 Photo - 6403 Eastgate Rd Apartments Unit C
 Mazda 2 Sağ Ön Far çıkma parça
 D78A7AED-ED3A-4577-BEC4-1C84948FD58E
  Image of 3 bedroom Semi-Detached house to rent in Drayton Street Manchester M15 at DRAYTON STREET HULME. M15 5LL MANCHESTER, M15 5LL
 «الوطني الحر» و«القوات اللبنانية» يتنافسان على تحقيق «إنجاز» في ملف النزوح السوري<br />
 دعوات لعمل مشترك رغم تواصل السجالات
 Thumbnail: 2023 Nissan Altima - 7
* * *
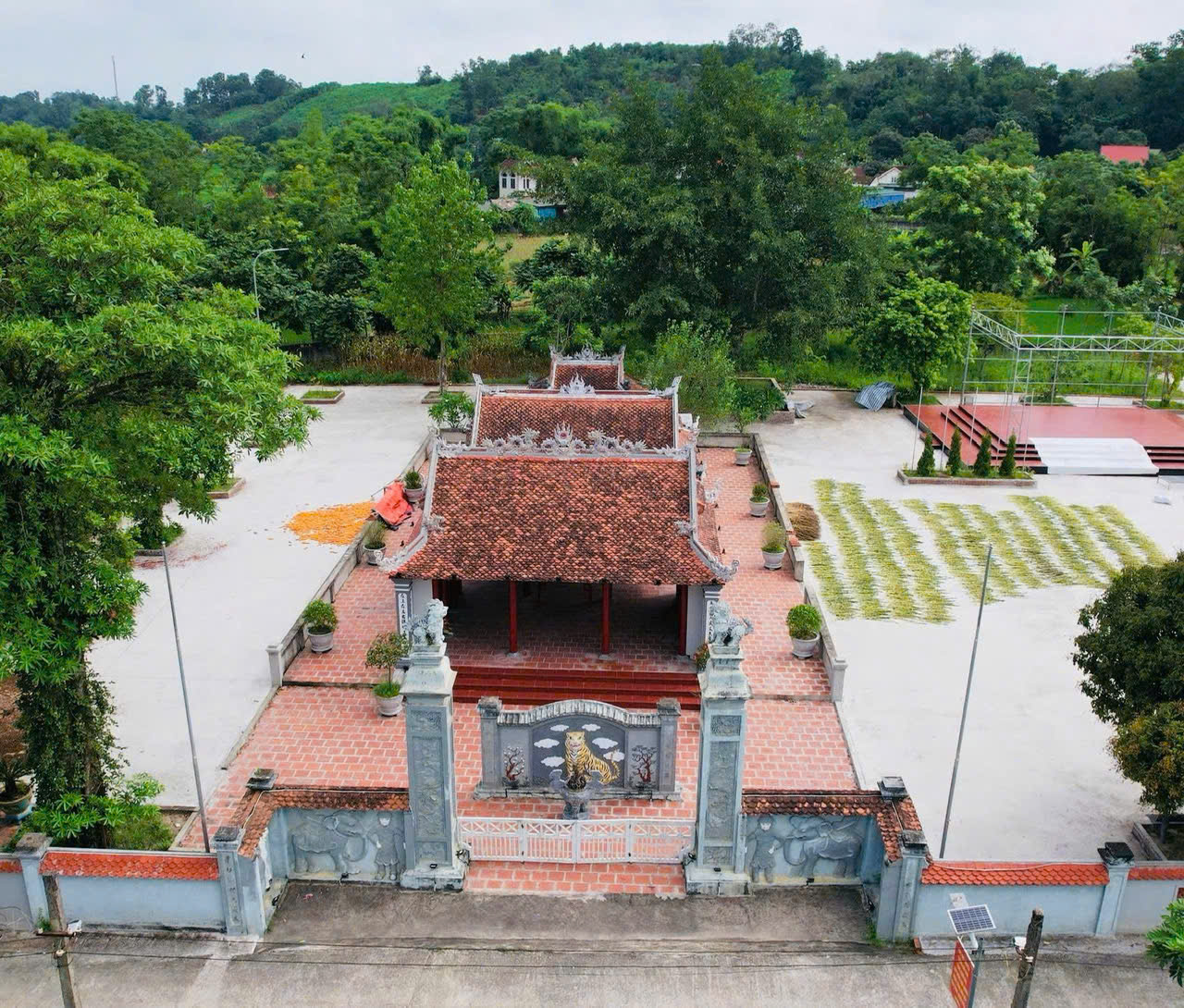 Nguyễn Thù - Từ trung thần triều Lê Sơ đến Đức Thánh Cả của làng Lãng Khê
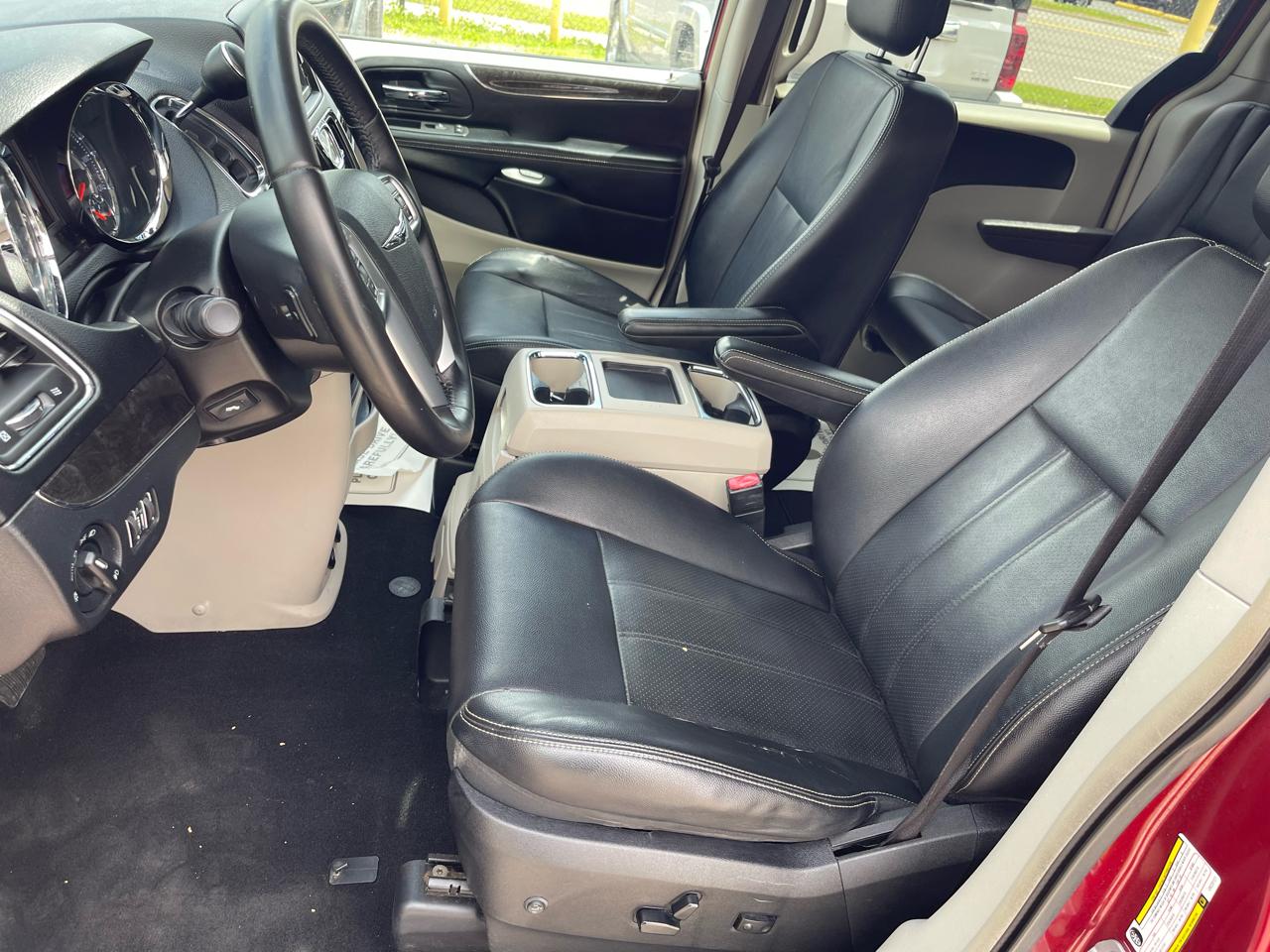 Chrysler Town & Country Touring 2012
* * *
Task directions: In the listing above, find the line containing "Mazda 2 Sağ Ön Far çıkma parça" and the line containing "Thumbnail: 2023 Nissan Altima - 7", then retype both and every line between them exactly, with nothing else.

Exercise output:
 Mazda 2 Sağ Ön Far çıkma parça
 D78A7AED-ED3A-4577-BEC4-1C84948FD58E
  Image of 3 bedroom Semi-Detached house to rent in Drayton Street Manchester M15 at DRAYTON STREET HULME. M15 5LL MANCHESTER, M15 5LL
 «الوطني الحر» و«القوات اللبنانية» يتنافسان على تحقيق «إنجاز» في ملف النزوح السوري<br />
 دعوات لعمل مشترك رغم تواصل السجالات
 Thumbnail: 2023 Nissan Altima - 7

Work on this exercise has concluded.